'''
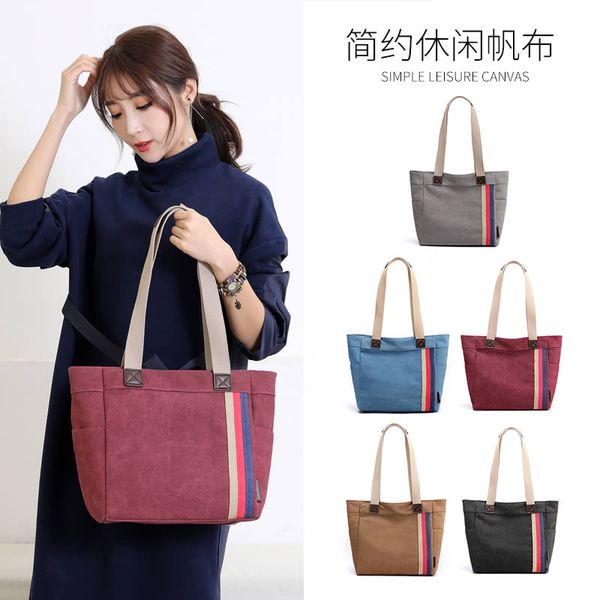 

2020 woman canvas handbags casual lady big capacity shoulder bags girls crossbody pack vintage solid multi-pocket ladies totes bolsas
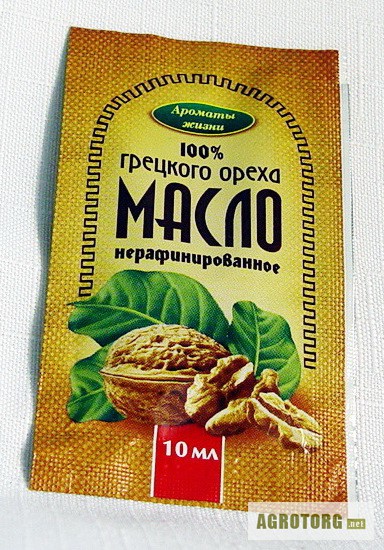 Масло порционное Грецкого ореха, 100%, растительное, нерафинированное, 10мл.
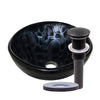 Mini 12" Hand Painted Black and Silver Glass Vessel Sink NOHP-G012-12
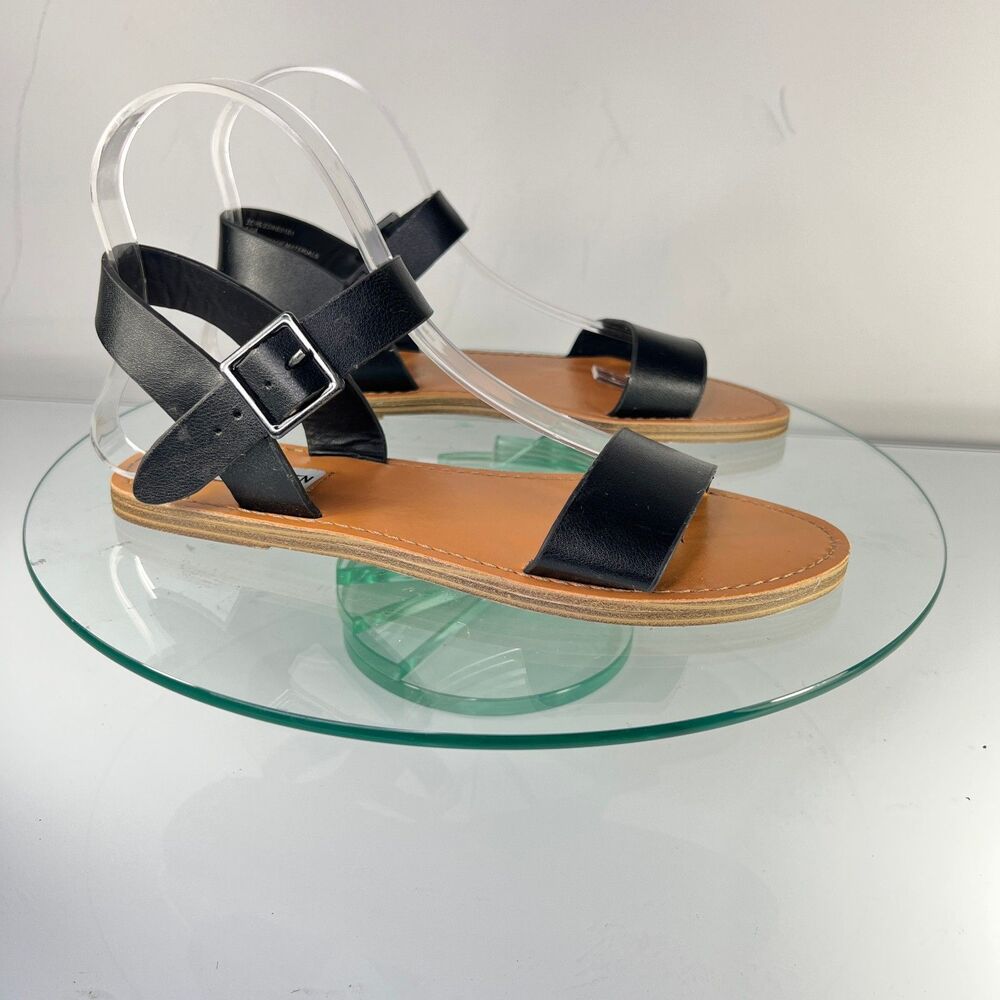 Steve Madden Zone Sandals Black Faux Vegan Leather Strap slingback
'''
## Work instructions
What is needed is the full material, retyped unchanged, with no pictures in it.

## Solution to this task
2020 woman canvas handbags casual lady big capacity shoulder bags girls crossbody pack vintage solid multi-pocket ladies totes bolsas
 Масло порционное Грецкого ореха, 100%, растительное, нерафинированное, 10мл.
 Mini 12" Hand Painted Black and Silver Glass Vessel Sink NOHP-G012-12
 Steve Madden Zone Sandals Black Faux Vegan Leather Strap slingback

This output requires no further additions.